Mentoring Paradox

I believe mentoring is a gift for the mentee and the mentor.  Throughout my career, I’ve been blessed with incredible mentors who, perhaps unknowingly, taught me how to mentor.   It’s something I take seriously and joyfully. It is a paradox - an incredibly selfless thing that is also very selfish.

Recently, my mentoring has increased.  In addition to mentoring Brown seniors and startups, I’m mentoring Oberlin College students applying for a fellowship to start their business after graduation in May.  Many of these kids were in my recent Business Model Innovation class. They are eager for advice and guidance.  They really listen! For some reason, the stakes seem higher to me than in mentoring 'adults'. For these kids' their first entrepreneur experience will shape their view of entrepreneurship, innovation, success and failure.  That's part of why they are making me a better mentor.  How? They make me challenge my own ‘status quo’ views and improve my ability to ask dumb questions.  Here’s what I have (re)learned from them:

  • Status Quo is a powerful Siren Song: It’s so easy to succumb to the status quo; though I fight it, it’s the boiled frog syndrome – and it’s so very human.  When you’ve been doing, investing in and supporting startups and consulting with businesses for a long time, it’s easy to get lulled into thinking you know a lot; and you do, but not everything and not forever.  In our dynamic world, the lifespan of knowledge is increasingly decreasing.
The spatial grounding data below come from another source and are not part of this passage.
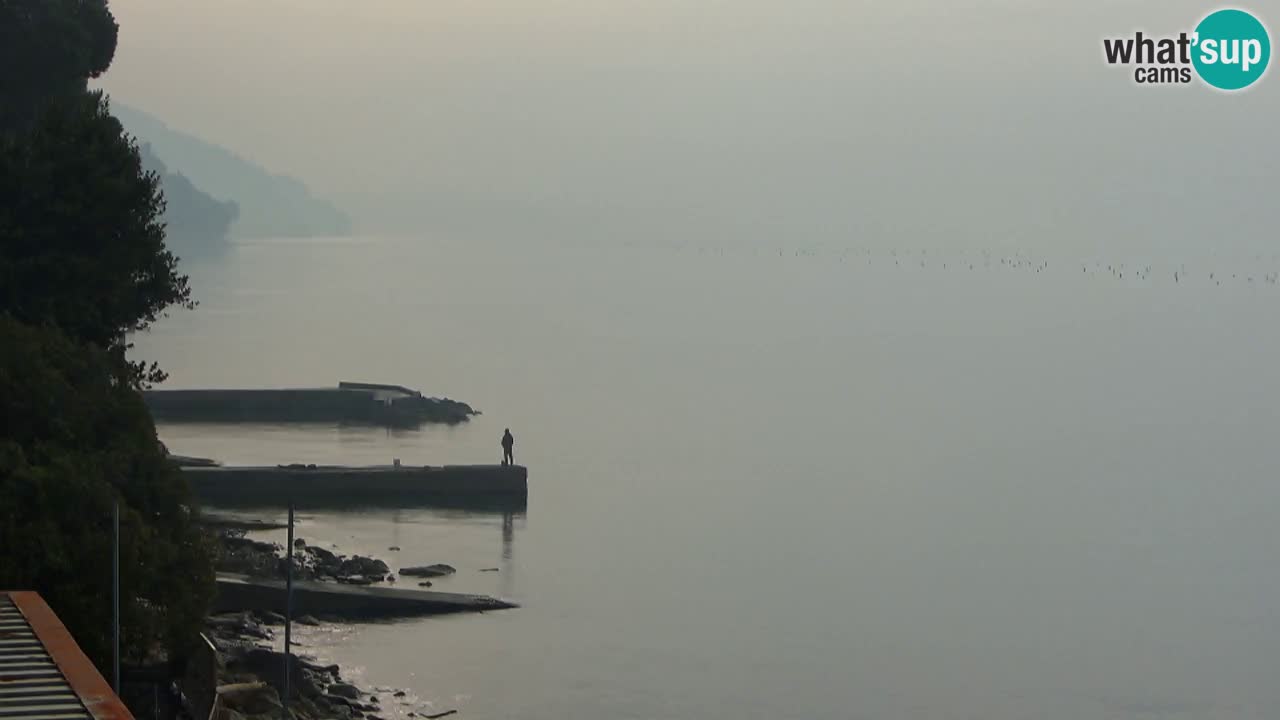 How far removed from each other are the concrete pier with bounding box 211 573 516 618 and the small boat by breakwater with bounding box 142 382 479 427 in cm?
2738

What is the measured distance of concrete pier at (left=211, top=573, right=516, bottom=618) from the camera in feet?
95.3

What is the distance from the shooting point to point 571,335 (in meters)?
101

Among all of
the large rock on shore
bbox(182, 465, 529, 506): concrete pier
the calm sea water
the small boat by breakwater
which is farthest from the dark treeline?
the small boat by breakwater

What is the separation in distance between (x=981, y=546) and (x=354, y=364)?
46073 millimetres

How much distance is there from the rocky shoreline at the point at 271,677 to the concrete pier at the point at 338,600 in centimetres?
37

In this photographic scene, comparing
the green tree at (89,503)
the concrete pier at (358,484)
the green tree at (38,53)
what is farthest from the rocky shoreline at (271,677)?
the green tree at (38,53)

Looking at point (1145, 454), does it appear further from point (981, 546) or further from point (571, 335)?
point (571, 335)

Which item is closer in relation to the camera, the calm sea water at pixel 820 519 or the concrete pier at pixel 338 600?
the concrete pier at pixel 338 600

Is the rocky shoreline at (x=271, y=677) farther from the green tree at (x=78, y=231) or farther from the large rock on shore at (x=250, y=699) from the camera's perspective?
the green tree at (x=78, y=231)

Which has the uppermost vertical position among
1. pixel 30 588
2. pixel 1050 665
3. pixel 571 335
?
pixel 571 335

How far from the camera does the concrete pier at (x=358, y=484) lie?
136 ft

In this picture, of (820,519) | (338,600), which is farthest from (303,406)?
(338,600)

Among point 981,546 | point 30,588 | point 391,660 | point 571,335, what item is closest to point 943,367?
point 571,335

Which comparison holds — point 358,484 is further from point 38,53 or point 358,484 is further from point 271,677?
point 271,677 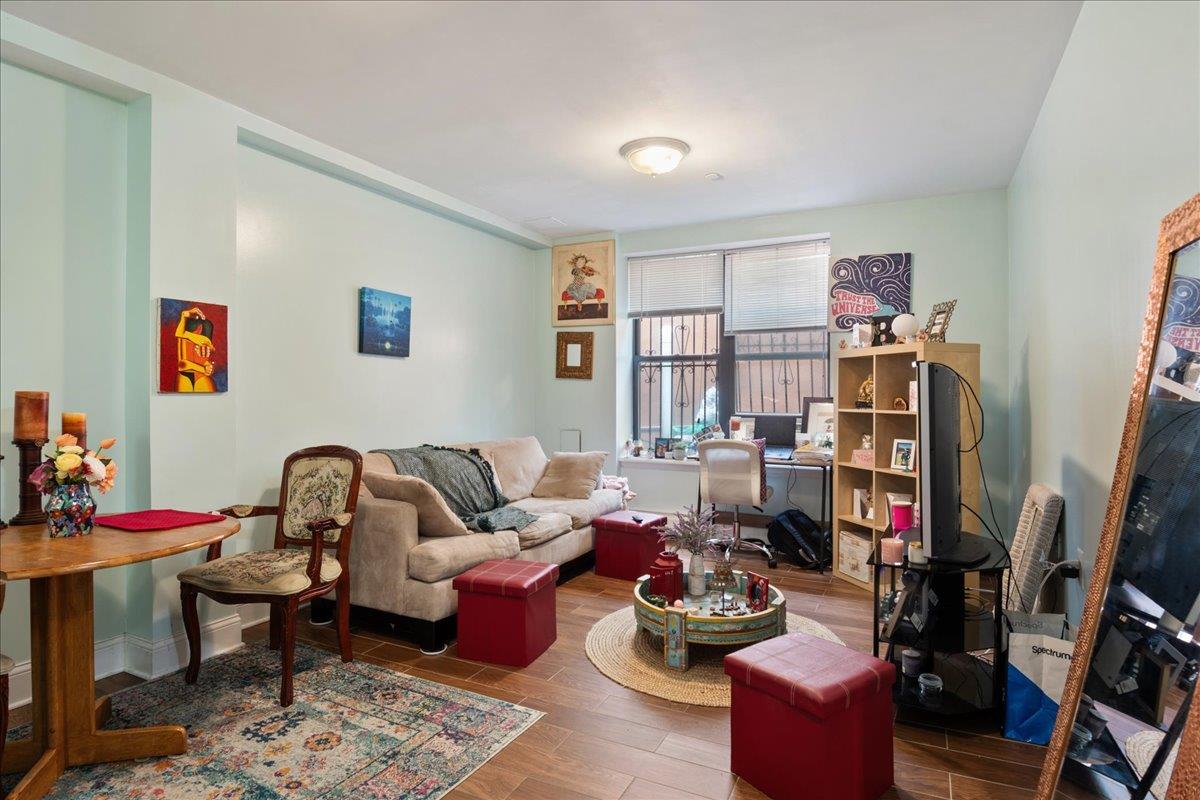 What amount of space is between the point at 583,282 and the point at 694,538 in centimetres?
354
I have to challenge my own reasoning and ideas;
  • Paradox of Inexperience and Experience:  The blank slate, the fresh naïve perspective these kids have creates innovative solutions to real needs with non-traditional business models for non-traditional customers and markets.  I learn so much about different perspectives, shifting my lens so I see the ‘usual’ in unusual ways. And my clients will benefit from lessons I’ve experienced from the inexperienced.
  • Mentor Mentors: Through the network of alumni mentoring women at Brown and my friend Whitney Johnson’s insightful, must read posts about mentoring, I’ve learned how to be a good mentor: what does/doesn’t work, when, why, in which circumstances.  This has also broadened the network I can share with my mentees – teaching them the importance of The Network.

So, take some advice from these kids – start mentoring.  It will stretch you in ways you can’t imagine, let you to share your learnings with others for their success, and provide life-long experiences to be shared, imparted and enjoyed.